Elizabeth gave a harsh laugh, honey-blonde ringlets bobbing with incongruous cheer beside her jaw.  “In case you haven’t noticed, brother, our father is lying dead upstairs.  He must have had one enemy, don’t you think?  And now we’re eating breakfast with the prime candidate?  That’s taking politeness a little too far.”

The scrape of a chair.  The stranger made to rise and George caught him by the wrist, pressed his arm to the table, restraining him.

At the sight of the stranger’s hand, lying as if cut off by the black cuff, the picture of his father’s dead face flashed before Charles’ inner eye.  He too recoiled, struggling to his feet, running to the window, trying to escape it.

“This is not the time for unfounded, hysterical accusations.  Really, Elizabeth if your condition did not excuse you I should have to accuse you of running mad.  Now please keep your voice down.  This is the last thing Emma needs!”

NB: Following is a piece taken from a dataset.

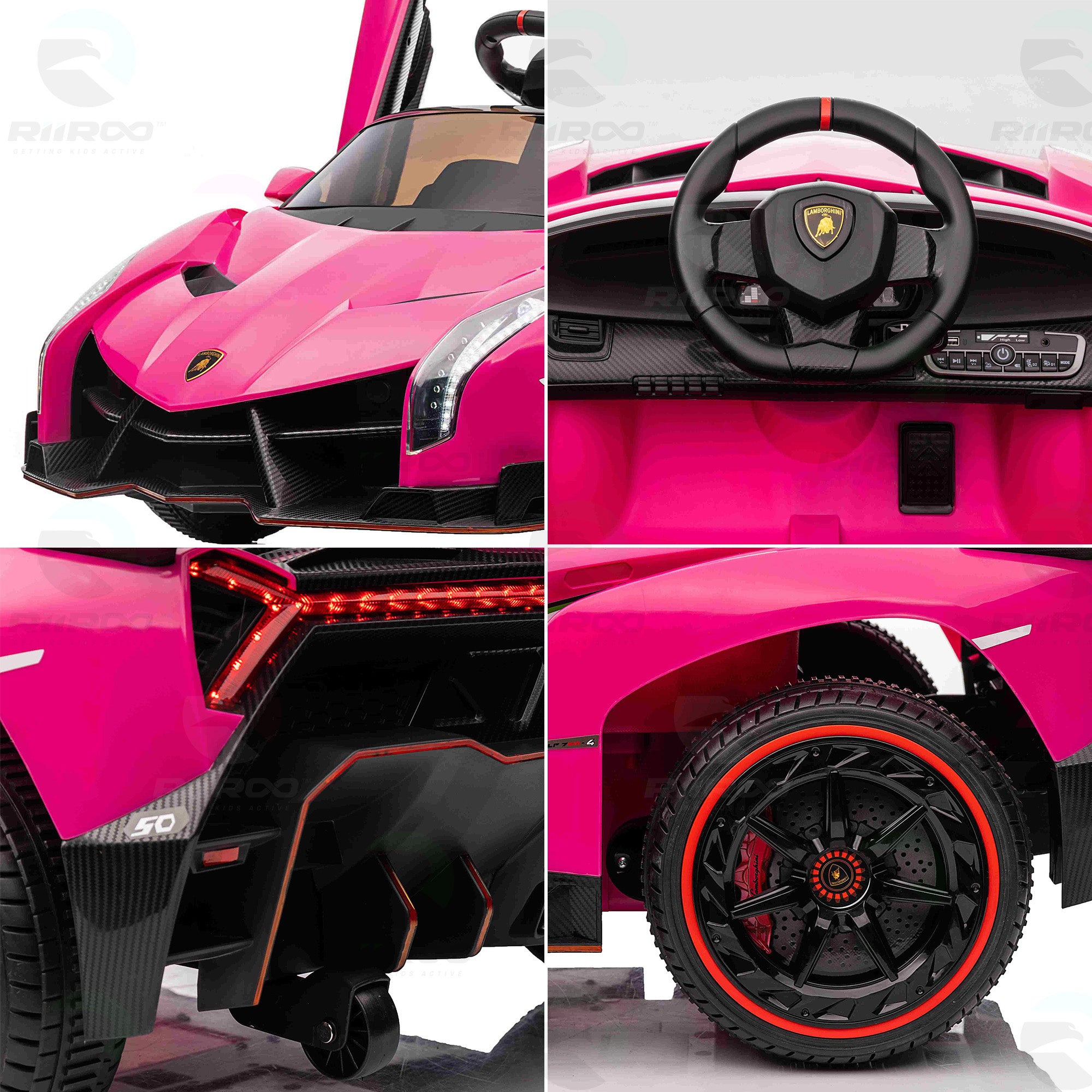 Lamborghini Veneno 12v Battery Electric - Licensed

By some dint of magic, the stranger had continued his retreat, withdrawing his presence, leaving his body like an old table that sits unnoticed in the corner of a room.  But Charles was tired of trying to see his face, being thwarted.  “Won’t someone introduce us?”

George laughed with surprise.  “Don’t be a goose!  You remember Jasper.  Admiral Vane’s ward.  We grew up together.”

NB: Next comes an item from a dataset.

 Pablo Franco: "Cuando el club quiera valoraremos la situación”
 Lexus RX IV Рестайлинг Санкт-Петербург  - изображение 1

Since it was impossible to say ‘no’, Charles leaned back against the window and let the chill of the rain seep across his shoulders.  “By reputation only,” he said, and watched as Jasper’s stubborn chin raised half an inch and his mouth curved in a little bitter smile.  “You forget, George; my earliest memory is of waving goodbye as you left for Cambridge.  I’m afraid I have no recollection of you at all, Mr Marin.  Except, as I say, by anecdote.”

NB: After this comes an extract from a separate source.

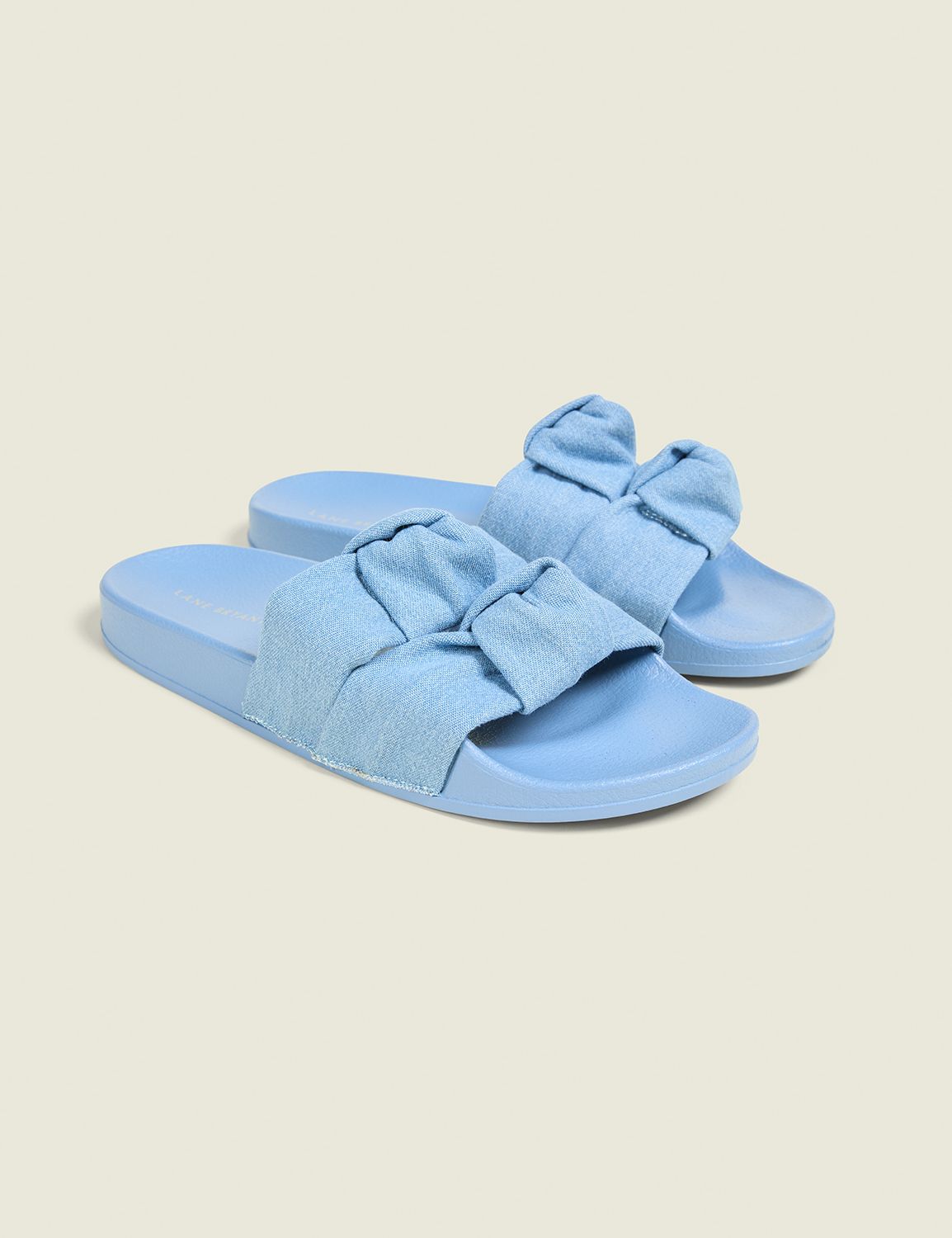 Double Knot Slide Sandal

At last, with slow grace like the turn of a minuet, Jasper looked up.  His eyes, in the broadening light, were sherry coloured – a light, clear brown almost with a tint of red.  Had there been room, Charles might have stepped backwards.  A jolt of something very like fear went through him.  How could he have mistaken the man’s invisibility for meekness?  It had been all along the quiet of a tiger lying in wait in the long grass.  Elizabeth’s accusation no longer seemed so laughable.

“Then I wish we could have met again in happier circumstances.”

Two heartbeats.  Charles had time to wonder if this was some new manner of the same paralysis that had come on him last night; time’s normal flow suspended.  Then the morning room door swung open and Dr. Floyd came in.  The scene moved and flowed once more as George rose to pull out a seat for him, and Elizabeth called for fresh coffee.